PROVIDED INFORMATION -
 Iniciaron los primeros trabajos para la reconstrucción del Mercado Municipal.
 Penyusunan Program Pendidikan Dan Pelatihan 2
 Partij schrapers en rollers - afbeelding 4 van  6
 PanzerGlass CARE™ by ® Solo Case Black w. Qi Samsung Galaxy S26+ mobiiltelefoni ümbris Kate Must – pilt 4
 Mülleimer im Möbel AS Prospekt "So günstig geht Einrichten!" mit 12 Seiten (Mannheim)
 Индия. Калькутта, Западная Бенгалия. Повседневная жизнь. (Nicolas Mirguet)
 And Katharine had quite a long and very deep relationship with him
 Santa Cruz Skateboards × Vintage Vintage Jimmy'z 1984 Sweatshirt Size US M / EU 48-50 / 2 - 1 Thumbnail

---

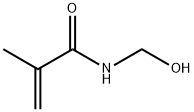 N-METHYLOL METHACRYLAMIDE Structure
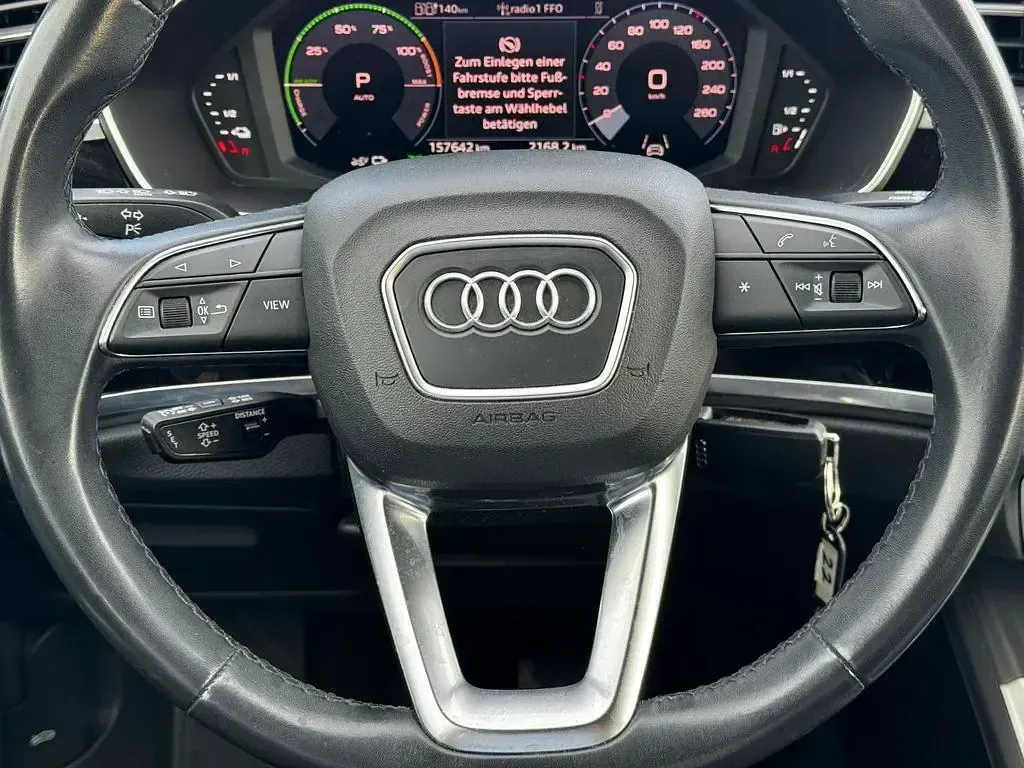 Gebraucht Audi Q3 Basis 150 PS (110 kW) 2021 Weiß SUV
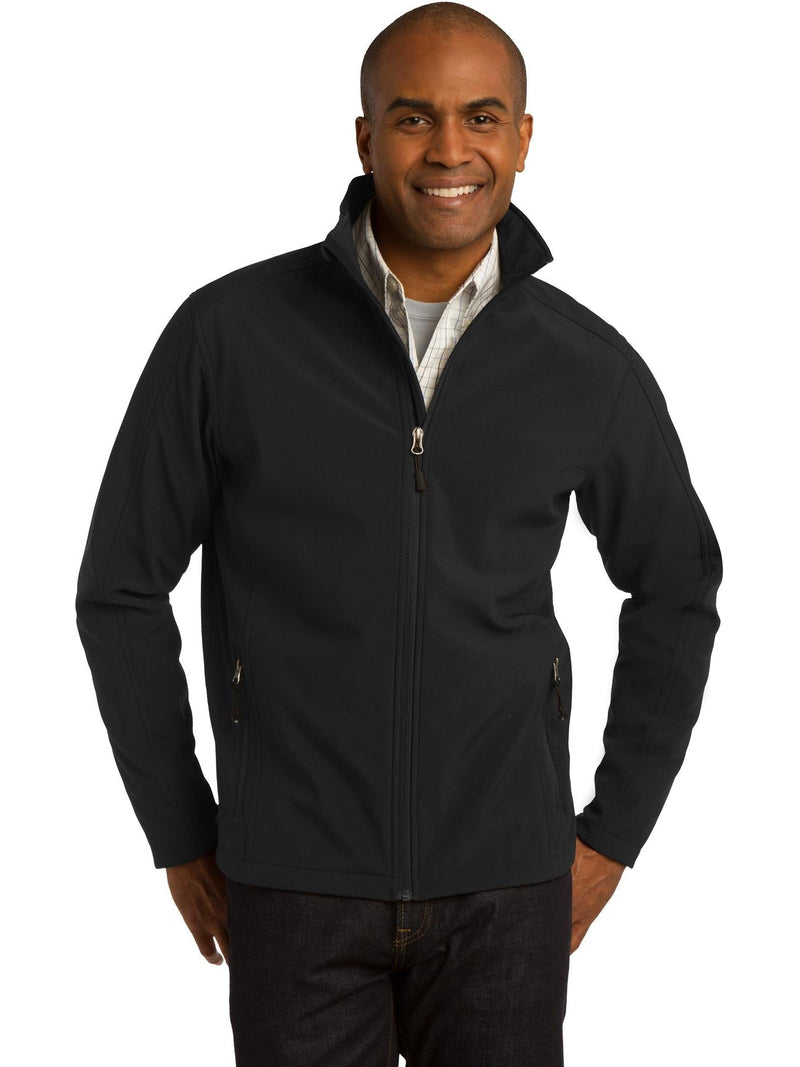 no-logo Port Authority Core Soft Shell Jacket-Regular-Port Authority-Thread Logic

==

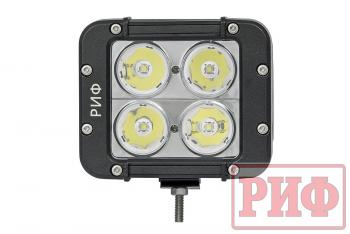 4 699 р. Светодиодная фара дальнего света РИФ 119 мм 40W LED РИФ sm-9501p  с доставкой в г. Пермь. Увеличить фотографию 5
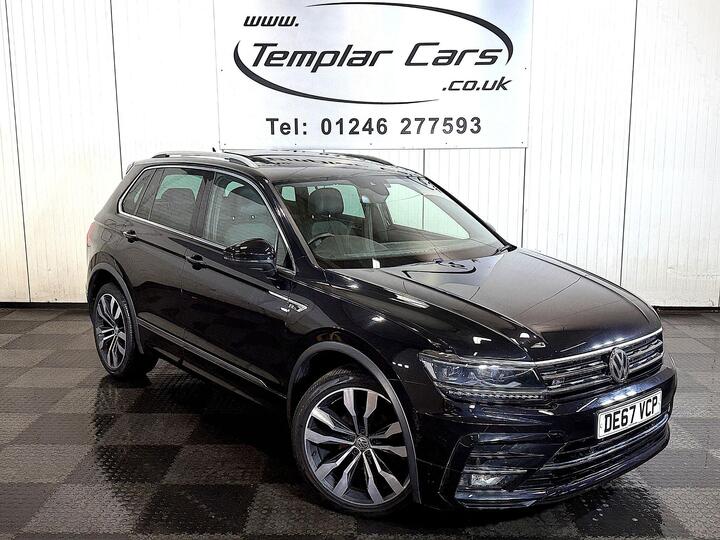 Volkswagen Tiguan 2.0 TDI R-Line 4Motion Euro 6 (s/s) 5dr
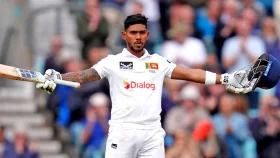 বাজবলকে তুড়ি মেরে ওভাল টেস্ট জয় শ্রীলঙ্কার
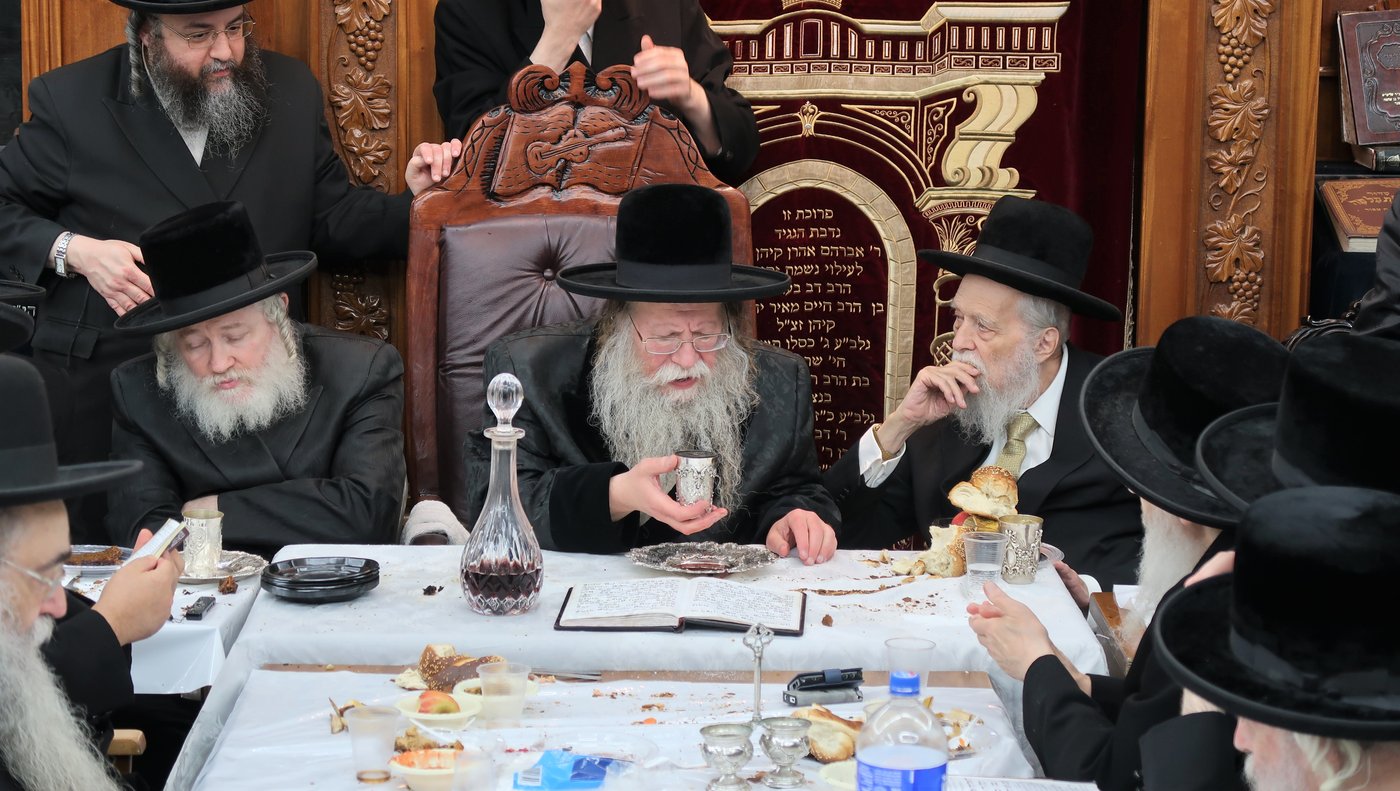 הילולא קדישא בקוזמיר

EXERCISE -
Write out word for word the lines of the listing above from the line with "4 699 р. Светодиодная" to the line with "הילולא קדישא בקוזמיר", taking in both of those lines but no pictures.

SOLUTION -
 4 699 р. Светодиодная фара дальнего света РИФ 119 мм 40W LED РИФ sm-9501p  с доставкой в г. Пермь. Увеличить фотографию 5
 Volkswagen Tiguan 2.0 TDI R-Line 4Motion Euro 6 (s/s) 5dr
 বাজবলকে তুড়ি মেরে ওভাল টেস্ট জয় শ্রীলঙ্কার
 הילולא קדישא בקוזמיר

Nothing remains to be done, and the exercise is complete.